_DATA FOR THIS TASK_:
*** Begin section ***
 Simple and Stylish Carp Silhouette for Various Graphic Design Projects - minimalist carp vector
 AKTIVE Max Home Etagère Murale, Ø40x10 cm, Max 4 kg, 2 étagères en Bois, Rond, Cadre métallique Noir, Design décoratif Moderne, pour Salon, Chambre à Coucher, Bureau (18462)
*** End section ***
*** Begin section ***
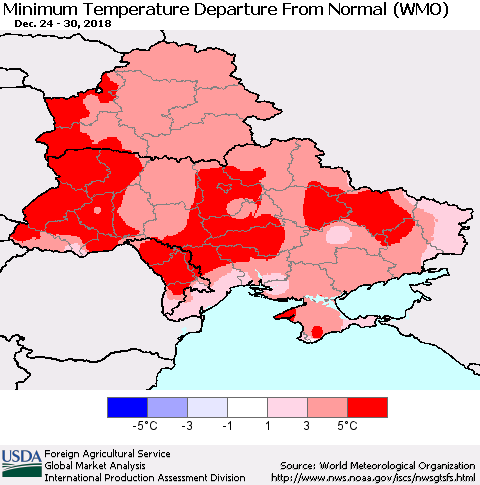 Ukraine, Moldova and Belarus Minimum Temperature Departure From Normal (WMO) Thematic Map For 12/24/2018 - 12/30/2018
*** End section ***
*** Begin section ***
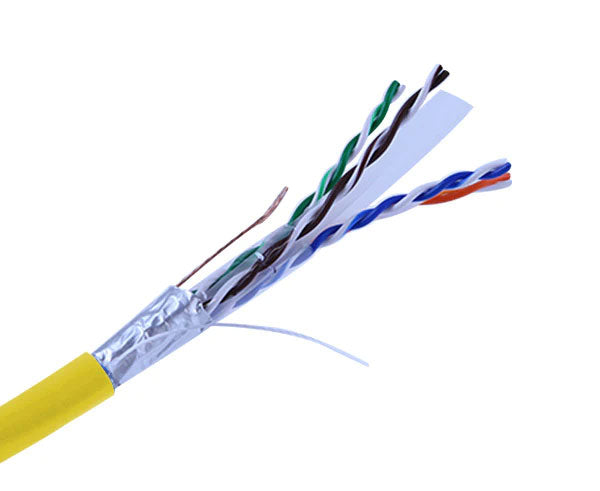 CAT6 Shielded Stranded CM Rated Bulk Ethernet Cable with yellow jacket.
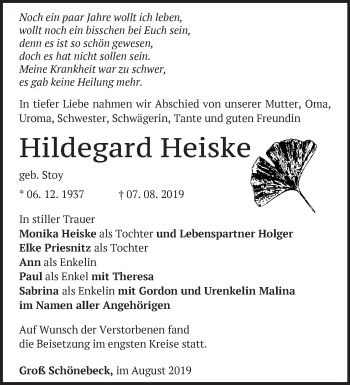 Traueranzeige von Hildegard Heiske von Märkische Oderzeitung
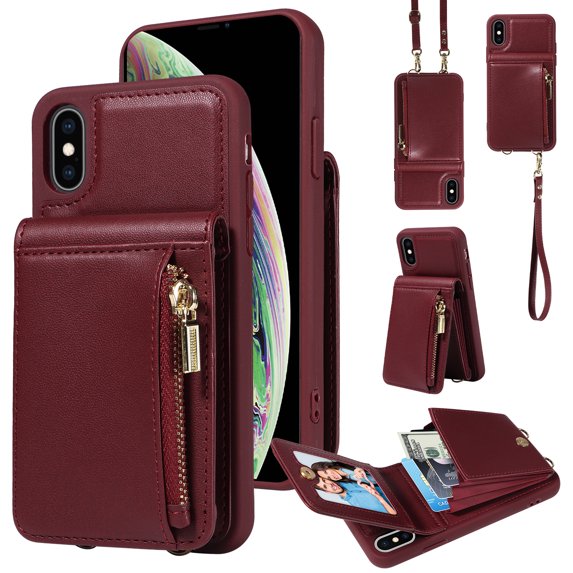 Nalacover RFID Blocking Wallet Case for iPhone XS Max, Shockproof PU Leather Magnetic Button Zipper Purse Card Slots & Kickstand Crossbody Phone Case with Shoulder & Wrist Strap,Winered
*** End section ***
_INSTRUCTIONS TO FOLLOW_: Report how many lines of the entries above contain "Design", and give no other output.

_SOLUTION TO THIS PROBLEM_: 2